Academic Director, YouGov

The UK Government recently proposed to increase the maximum penalty for online piracy to ten years, saying the law had fallen behind the digital revolution.

Currently, the maximum sentence for online offences such as creating or distributing copies of film and music is two years imprisonment, compared with ten years for physical acts of copyright infringement.

Harsher punishments would be mostly aimed at distributors rather than small-time down-loaders. But as the Intellectual Property Office sought to emphasise, “online offences should be seen as no less serious than their physical counterparts”.

According to recent polling, however, much of the British public disagree.

YouGov recently asked a nationally representative sample of British adults how they thought the act of getting free access to ‘pay-for’ entertainment online compared with physically stealing an item, say a DVD or CD, from a shop.

The research was conducted in collaboration with William Warr, currently a Masters student in Public Policy at the Cambridge POLIS Department, where YouGov supports the academic study of public opinion through the YouGov-Cambridge Programme. (About)

Nearly half of voters (48%) say either ‘there is nothing wrong’ with getting free access to ‘pay-for’ content (17%), or it's ‘not as bad’ as physically stealing a similar item (31%).

As figures show below, younger respondents are more likely than their elders to defend this kind of activity while, interestingly, so are male respondents, compared with women.


See results

To some extent, results merely point towards a universal reality of modern networked society, namely that people often behave online in ways they would not in person –  for better and worse.
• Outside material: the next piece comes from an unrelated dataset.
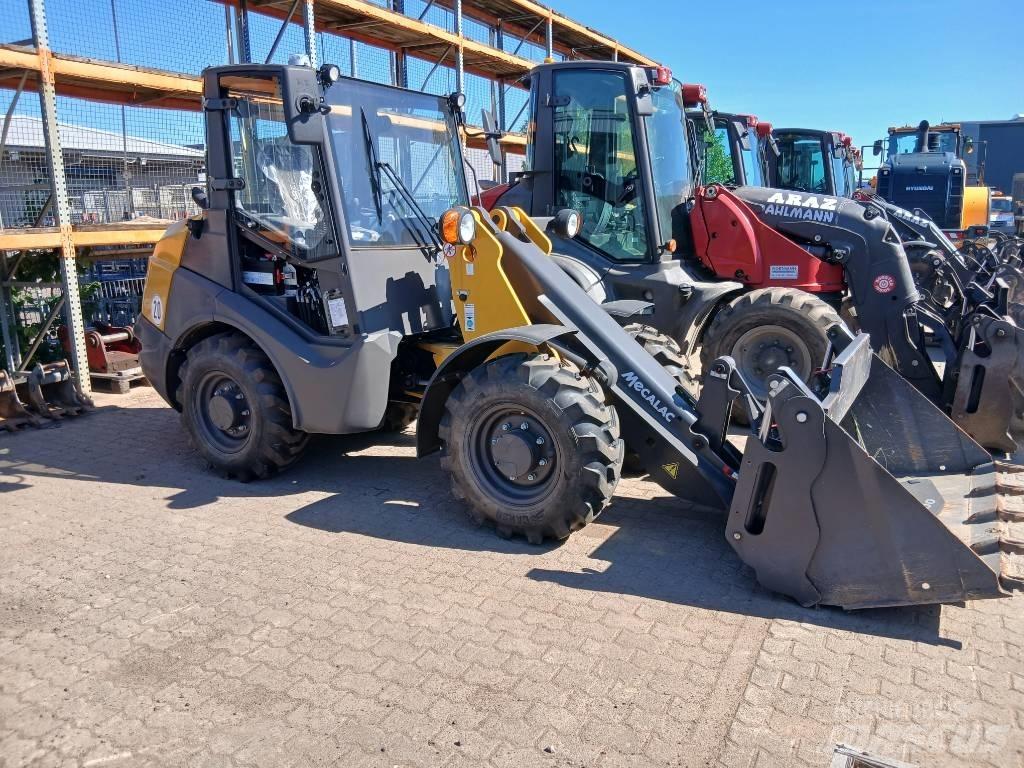Mecalac AX 700 轮式装载机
Beyond the disinhibiting effects of online anonymity, however, these figures may also reflect another challenge for the entertainment industry, which cannot be met by legislation.
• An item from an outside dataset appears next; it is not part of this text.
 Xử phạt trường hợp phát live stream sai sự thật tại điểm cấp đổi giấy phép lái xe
As studies for the British Psychological Society suggest, established theories on how people use ‘neutralisation techniques’ to self-explain their own criminal behaviour also have relevance to the piracy debate. Such techniques include denial of responsibility, denial of injury or victim, condemning the condemners and appeal to other loyalties.

Analysis further contends the most common such technique used by pirates was denial of injury, and the idea that little harm was caused by their behaviour, or that it actually helped artists.

Much of the discussion on deterring online piracy has focused on the balance between legislation and market-based solutions, with some calling for heavier punishments while others say the only real solution is to fight free with free, or at least partly free, via streaming service models like Spotify.

An equally important factor, however, may lie in finding ways to reshape perceptions of a victimless crime, and building awareness to counter the denial of doubtless injury – to writers, performers, labels, studios and publishers, among others.

See results

Methodology: Fieldwork was conducted online between 14-15 June, 2015, with a total sample of 1618 British adults. The data have been weighted and results are representative of all British adults aged 18 or over.